=== Problem to work on ===
Scan the records for the word "Pure". Return each line where it is found.

▼

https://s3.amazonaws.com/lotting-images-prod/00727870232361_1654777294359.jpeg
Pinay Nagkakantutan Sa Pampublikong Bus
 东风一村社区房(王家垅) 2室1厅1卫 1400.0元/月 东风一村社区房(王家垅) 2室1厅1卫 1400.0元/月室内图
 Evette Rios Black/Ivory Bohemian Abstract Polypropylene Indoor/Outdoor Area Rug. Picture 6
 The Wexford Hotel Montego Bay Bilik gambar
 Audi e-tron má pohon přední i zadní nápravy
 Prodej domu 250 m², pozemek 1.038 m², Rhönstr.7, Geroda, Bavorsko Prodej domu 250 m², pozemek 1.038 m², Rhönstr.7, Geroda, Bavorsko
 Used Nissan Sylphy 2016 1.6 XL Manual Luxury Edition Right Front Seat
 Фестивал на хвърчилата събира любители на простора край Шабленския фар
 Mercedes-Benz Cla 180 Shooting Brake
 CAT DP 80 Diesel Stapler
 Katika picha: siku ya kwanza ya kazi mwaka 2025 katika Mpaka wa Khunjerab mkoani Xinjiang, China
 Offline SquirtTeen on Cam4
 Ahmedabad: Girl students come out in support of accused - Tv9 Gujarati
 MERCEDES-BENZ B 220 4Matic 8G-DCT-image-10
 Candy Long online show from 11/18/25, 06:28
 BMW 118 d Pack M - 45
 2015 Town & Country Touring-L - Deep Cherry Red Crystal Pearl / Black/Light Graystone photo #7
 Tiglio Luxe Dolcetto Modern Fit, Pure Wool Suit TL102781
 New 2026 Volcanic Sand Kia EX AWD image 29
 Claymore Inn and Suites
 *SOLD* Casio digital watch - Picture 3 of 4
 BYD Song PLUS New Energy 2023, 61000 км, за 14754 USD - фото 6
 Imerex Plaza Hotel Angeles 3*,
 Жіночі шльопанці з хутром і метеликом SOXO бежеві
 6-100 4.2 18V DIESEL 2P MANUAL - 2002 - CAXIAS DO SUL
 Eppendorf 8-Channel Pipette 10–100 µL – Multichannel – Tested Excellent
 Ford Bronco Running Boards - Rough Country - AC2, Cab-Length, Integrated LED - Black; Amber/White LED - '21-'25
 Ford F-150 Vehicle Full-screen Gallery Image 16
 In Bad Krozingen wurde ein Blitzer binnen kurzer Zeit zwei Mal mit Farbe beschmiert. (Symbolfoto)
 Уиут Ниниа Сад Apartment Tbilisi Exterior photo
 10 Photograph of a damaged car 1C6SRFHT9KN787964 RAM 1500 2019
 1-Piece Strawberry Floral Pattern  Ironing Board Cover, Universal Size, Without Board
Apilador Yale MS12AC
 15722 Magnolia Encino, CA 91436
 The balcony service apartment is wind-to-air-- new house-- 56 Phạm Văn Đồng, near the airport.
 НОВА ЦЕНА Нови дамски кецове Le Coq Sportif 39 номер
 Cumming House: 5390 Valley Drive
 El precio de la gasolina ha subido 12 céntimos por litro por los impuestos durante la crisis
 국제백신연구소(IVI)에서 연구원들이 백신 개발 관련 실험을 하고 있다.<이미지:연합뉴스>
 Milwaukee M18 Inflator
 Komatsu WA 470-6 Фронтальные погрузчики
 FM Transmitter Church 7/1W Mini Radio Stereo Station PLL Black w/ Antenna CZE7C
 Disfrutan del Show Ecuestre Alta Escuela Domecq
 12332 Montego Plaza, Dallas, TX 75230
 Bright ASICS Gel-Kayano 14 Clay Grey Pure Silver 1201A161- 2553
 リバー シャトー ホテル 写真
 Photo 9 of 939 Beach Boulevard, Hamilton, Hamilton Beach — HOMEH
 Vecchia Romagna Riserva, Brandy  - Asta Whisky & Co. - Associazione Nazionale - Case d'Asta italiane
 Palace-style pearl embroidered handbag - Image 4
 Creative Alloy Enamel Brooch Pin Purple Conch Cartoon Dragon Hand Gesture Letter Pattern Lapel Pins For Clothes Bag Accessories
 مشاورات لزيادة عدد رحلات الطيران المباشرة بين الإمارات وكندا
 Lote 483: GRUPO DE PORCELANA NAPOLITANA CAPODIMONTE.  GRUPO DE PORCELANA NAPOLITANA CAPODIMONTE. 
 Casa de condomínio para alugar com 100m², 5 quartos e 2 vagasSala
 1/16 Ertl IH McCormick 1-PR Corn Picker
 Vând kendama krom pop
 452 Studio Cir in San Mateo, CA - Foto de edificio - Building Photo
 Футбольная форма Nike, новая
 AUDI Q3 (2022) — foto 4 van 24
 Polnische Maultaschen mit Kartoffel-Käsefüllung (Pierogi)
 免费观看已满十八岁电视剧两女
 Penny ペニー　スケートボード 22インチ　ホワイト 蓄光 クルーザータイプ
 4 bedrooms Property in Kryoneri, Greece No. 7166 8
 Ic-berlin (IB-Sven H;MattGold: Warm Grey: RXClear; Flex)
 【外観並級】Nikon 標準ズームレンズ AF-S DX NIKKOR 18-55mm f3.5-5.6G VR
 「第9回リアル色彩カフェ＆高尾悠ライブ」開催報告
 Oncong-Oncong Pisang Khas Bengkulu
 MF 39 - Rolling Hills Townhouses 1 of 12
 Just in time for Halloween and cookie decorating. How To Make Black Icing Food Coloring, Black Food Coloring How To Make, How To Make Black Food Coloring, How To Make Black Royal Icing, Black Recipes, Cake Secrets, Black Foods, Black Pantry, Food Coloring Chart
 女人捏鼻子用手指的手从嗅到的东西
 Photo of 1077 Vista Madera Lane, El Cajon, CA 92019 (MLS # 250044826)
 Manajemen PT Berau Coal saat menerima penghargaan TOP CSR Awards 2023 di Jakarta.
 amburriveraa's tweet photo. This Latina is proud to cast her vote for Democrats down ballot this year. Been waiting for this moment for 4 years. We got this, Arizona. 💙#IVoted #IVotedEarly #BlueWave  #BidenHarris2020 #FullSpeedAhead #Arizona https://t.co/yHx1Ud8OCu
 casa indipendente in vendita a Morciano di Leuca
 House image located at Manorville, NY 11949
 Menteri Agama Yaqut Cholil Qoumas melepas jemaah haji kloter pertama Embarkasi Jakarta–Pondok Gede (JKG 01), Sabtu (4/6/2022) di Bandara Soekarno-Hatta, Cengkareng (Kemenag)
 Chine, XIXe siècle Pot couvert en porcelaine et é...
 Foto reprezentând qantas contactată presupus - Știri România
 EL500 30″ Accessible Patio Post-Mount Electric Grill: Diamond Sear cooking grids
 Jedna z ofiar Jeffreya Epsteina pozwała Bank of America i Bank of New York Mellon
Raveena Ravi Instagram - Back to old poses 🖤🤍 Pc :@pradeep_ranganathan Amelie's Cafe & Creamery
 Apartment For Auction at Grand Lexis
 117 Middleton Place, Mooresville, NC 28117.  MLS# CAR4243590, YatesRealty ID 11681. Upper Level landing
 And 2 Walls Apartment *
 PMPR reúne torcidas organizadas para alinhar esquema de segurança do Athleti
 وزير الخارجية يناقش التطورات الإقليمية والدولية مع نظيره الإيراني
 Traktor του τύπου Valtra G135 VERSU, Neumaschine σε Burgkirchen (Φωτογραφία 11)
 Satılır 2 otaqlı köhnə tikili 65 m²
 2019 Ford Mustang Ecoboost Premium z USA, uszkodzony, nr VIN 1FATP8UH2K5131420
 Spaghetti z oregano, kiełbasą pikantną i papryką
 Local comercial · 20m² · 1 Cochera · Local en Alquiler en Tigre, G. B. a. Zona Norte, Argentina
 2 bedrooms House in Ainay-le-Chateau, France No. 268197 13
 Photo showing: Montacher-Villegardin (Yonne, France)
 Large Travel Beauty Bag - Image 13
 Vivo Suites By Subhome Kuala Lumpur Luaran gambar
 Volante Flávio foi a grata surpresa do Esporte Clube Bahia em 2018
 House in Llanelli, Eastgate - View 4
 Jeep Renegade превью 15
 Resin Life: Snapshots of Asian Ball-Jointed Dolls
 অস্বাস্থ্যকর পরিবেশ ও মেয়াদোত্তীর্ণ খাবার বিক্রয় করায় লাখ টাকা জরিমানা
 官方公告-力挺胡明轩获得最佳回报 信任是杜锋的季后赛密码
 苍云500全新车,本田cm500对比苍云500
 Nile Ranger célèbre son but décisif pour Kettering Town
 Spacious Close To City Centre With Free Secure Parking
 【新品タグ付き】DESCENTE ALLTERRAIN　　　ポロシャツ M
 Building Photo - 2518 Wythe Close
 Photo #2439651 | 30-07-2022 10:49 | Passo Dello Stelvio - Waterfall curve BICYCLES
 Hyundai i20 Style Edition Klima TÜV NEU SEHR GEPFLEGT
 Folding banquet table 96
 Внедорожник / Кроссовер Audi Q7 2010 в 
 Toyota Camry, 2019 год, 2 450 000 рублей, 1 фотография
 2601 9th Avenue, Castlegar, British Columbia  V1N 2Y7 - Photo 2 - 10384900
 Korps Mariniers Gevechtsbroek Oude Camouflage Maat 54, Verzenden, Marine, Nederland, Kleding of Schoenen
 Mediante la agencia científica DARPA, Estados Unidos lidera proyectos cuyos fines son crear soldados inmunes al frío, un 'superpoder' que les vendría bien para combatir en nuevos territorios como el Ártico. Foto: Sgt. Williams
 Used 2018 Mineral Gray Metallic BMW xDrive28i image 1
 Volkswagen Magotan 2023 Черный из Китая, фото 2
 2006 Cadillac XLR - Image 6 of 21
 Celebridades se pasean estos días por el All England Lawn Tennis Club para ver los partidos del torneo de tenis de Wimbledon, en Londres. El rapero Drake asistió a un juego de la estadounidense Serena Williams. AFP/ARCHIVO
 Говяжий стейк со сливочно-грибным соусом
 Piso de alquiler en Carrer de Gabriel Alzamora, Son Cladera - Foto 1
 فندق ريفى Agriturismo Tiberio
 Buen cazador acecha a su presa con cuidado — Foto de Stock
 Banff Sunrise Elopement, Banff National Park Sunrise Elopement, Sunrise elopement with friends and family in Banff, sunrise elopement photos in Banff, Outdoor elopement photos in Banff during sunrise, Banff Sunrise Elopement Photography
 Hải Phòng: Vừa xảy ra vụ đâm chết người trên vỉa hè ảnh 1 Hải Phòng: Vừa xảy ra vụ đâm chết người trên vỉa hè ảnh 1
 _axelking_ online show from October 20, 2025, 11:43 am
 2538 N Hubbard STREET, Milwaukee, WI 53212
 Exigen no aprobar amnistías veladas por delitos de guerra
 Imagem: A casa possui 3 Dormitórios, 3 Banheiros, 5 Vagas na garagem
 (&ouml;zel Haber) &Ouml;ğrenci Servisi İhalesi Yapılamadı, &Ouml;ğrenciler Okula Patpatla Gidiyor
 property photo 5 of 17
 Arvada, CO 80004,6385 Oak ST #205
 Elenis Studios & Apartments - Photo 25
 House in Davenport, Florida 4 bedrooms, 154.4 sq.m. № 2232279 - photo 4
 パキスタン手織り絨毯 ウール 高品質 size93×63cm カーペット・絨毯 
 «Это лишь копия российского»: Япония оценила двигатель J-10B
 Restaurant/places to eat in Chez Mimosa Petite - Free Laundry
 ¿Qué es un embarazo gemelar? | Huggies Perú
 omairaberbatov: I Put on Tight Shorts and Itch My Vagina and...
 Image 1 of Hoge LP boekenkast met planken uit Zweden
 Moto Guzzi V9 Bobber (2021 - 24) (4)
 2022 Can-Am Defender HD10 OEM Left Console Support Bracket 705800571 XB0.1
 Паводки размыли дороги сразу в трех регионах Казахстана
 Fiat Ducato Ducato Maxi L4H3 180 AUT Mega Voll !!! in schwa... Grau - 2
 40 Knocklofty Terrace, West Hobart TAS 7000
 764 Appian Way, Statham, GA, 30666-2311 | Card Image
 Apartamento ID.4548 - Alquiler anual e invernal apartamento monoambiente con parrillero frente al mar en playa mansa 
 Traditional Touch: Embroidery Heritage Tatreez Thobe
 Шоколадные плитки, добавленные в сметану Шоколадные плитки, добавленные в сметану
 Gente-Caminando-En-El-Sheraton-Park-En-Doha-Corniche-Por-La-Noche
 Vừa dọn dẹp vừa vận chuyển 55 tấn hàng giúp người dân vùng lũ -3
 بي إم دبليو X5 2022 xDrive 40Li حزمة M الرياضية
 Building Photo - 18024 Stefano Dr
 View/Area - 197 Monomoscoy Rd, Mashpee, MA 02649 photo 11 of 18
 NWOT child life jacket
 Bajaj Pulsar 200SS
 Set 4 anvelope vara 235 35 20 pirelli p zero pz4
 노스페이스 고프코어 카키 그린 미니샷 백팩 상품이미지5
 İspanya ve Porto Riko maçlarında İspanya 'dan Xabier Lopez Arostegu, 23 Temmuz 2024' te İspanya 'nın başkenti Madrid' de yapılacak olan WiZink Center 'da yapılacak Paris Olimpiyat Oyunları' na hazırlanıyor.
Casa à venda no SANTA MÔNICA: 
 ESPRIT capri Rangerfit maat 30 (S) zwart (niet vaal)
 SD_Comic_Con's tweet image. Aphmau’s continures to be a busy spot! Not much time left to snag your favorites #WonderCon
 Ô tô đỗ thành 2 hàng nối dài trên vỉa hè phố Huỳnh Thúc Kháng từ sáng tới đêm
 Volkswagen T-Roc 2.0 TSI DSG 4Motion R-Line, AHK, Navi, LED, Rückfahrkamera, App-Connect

▲

=== Exercise output ===
 Tiglio Luxe Dolcetto Modern Fit, Pure Wool Suit TL102781
 Bright ASICS Gel-Kayano 14 Clay Grey Pure Silver 1201A161- 2553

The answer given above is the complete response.